→ PROMPT:
Would you repeat the listing below exactly, with no pictures in it?
[DATA BELOW Boundary: Start]
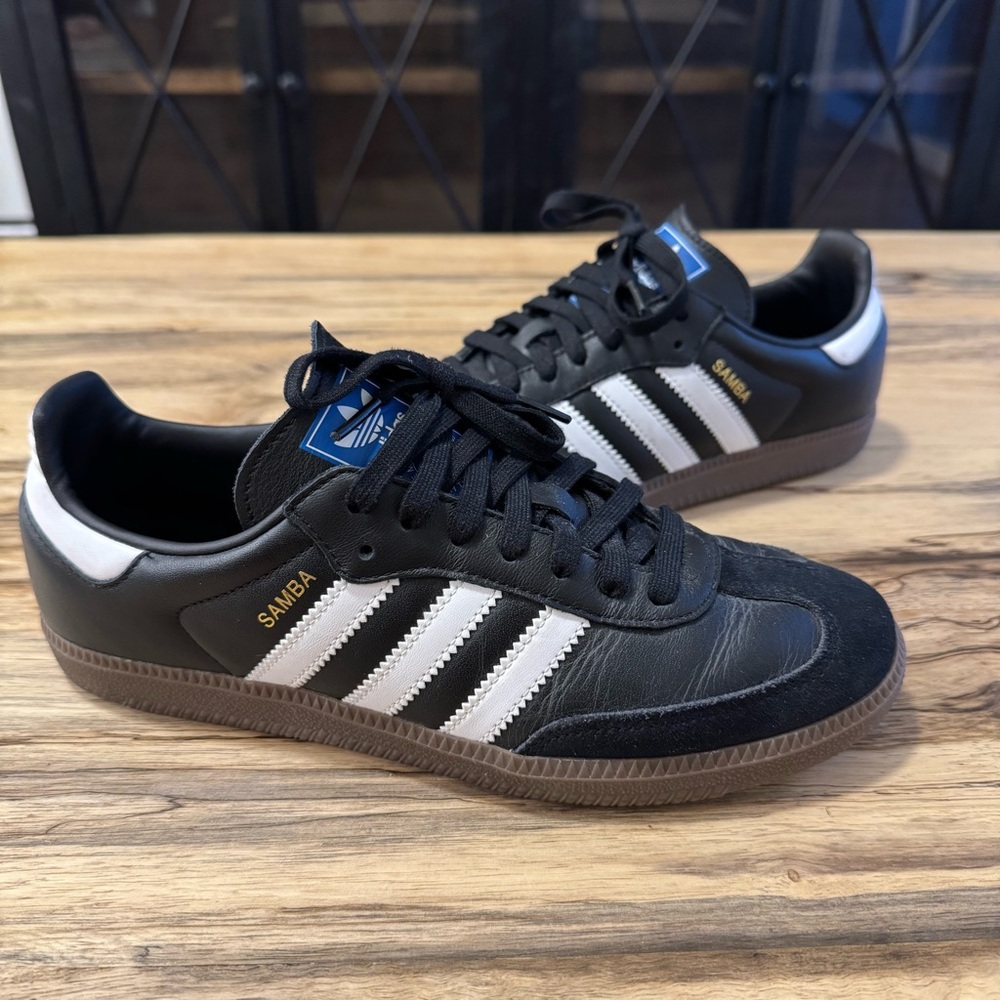 Adidas Samba Black and White - Size 8.5 men’s / 9.5 women’s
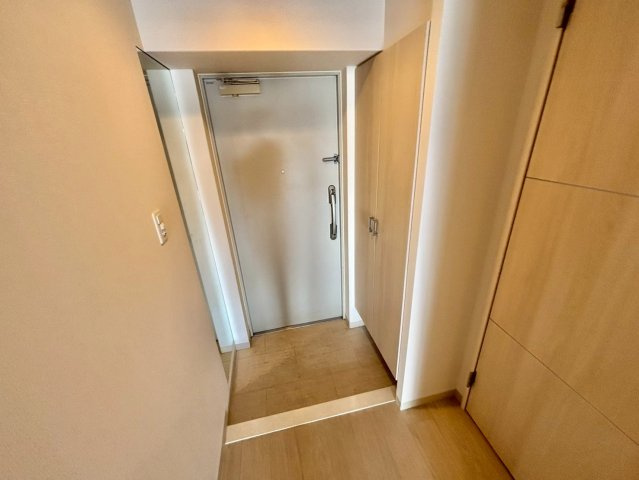 フランディル・ルミエ思案橋の玄関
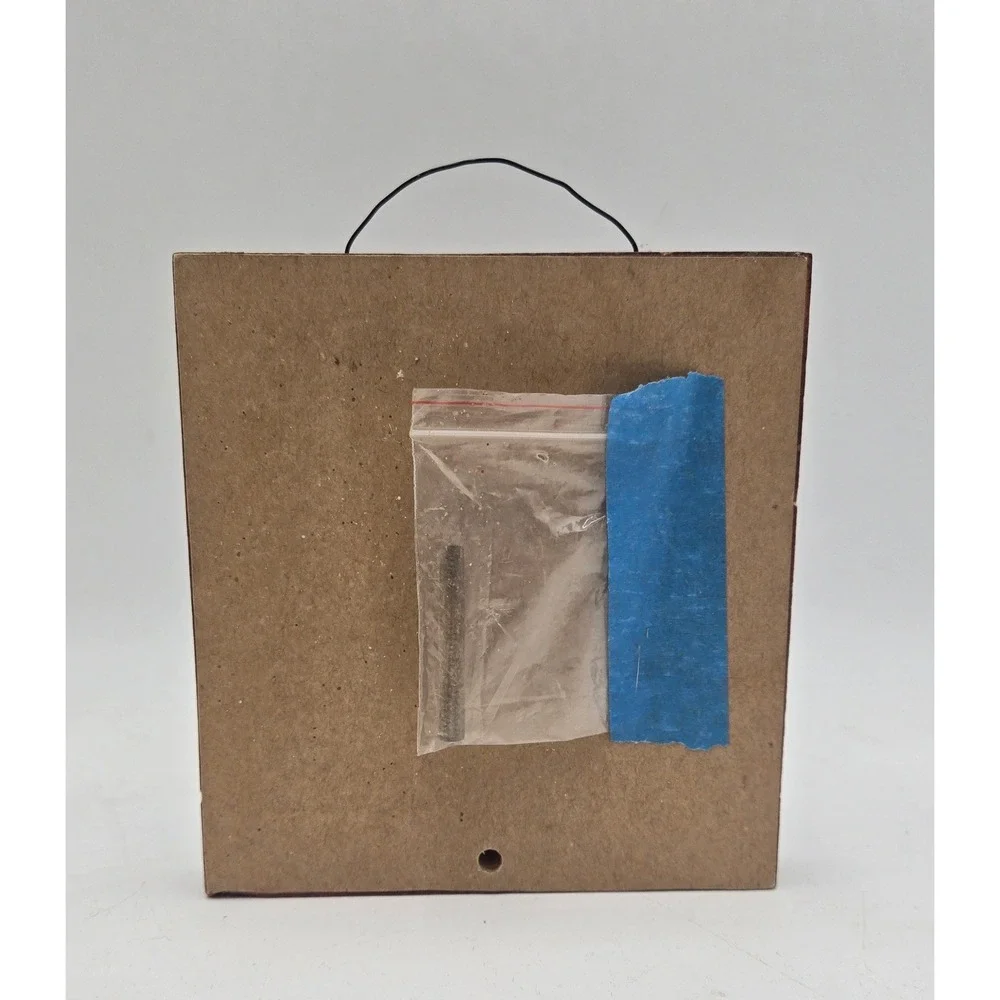 N/A small square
[DATA BELOW Boundary: End]
→ TASK OUTPUT:
 Adidas Samba Black and White - Size 8.5 men’s / 9.5 women’s
 フランディル・ルミエ思案橋の玄関
 N/A small square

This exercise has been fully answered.